[Start of Attachment]

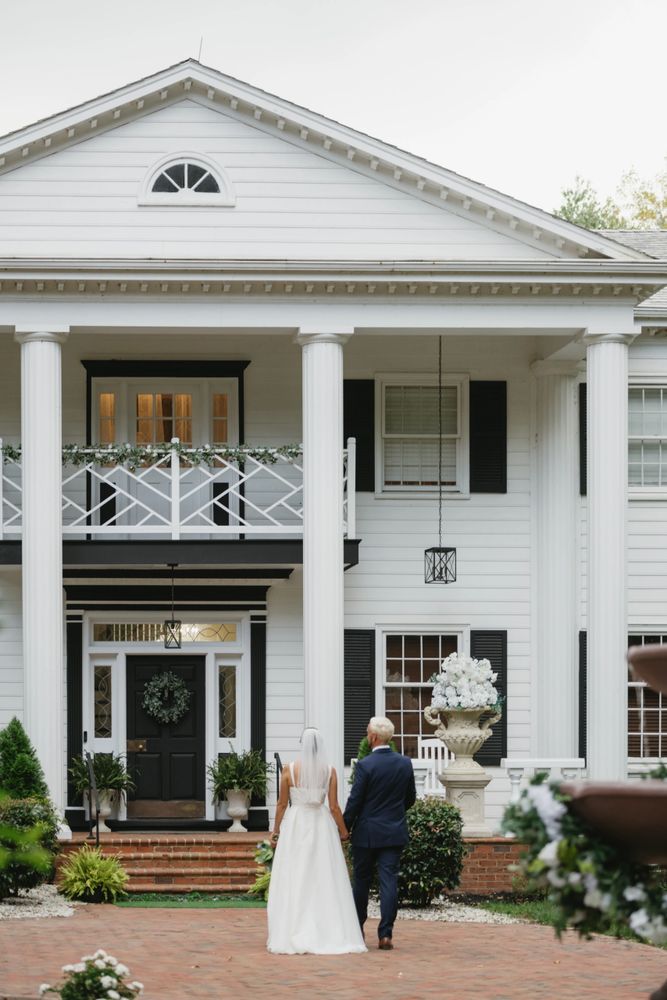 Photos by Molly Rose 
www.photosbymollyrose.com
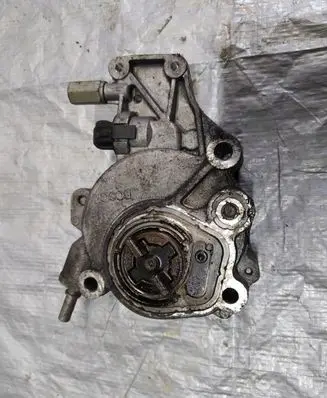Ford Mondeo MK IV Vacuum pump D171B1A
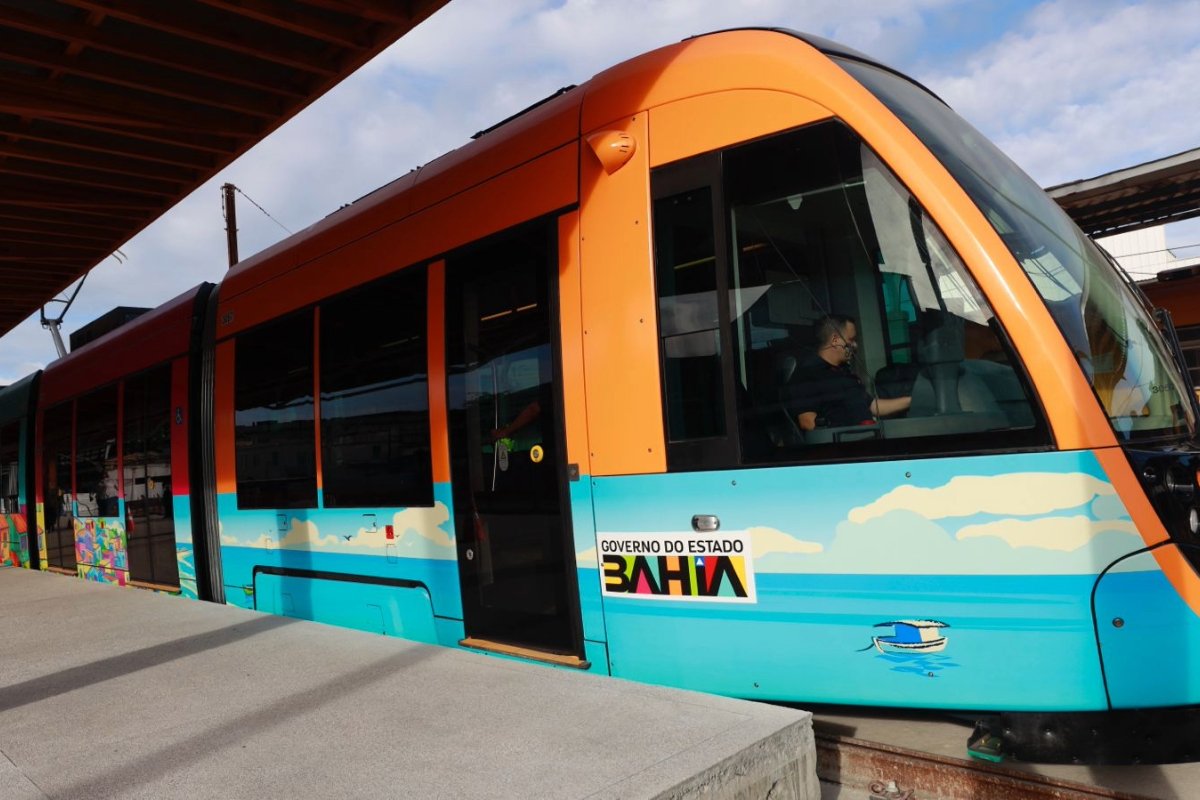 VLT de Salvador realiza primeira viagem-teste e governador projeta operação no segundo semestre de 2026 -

[End of Attachment]

▶ _DESCRIPTION OF THE TASK_: Nothing but the pictures may be dropped as you repeat the listing above exactly.

▶ _WRITTEN SOLUTION_:
 Photos by Molly Rose 
www.photosbymollyrose.com
Ford Mondeo MK IV Vacuum pump D171B1A
 VLT de Salvador realiza primeira viagem-teste e governador projeta operação no segundo semestre de 2026 -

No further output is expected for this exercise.